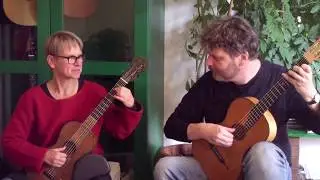 Mauro Giuliani  - 12 L&auml;ndler op 75 Nr.5 [saitenspuren]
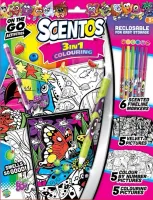 Pachnący zestaw. Kreatywna teczka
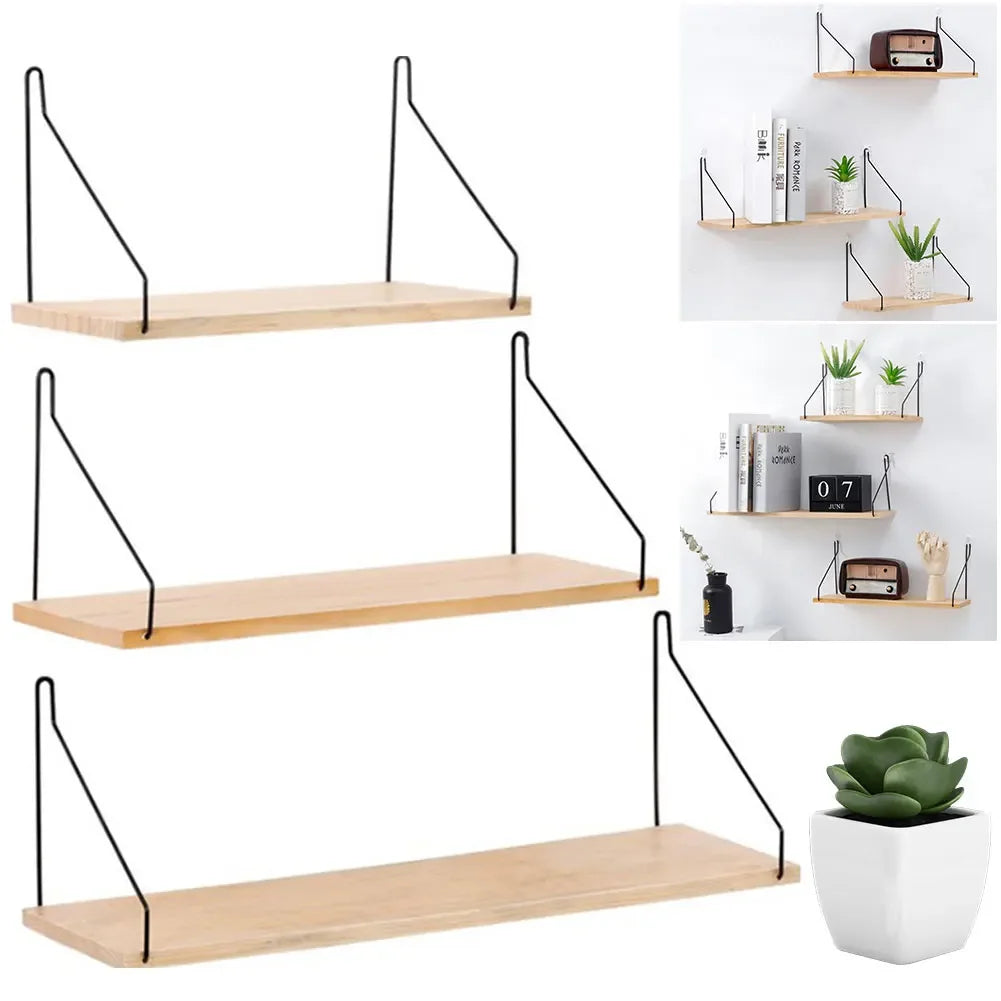 Nordic Floating Wall Shelves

▶ Work instruction: Return each line above word for word. Skip the pictures.

▶ Solution for this problem:
 Mauro Giuliani  - 12 L&auml;ndler op 75 Nr.5 [saitenspuren]
 Pachnący zestaw. Kreatywna teczka
 Nordic Floating Wall Shelves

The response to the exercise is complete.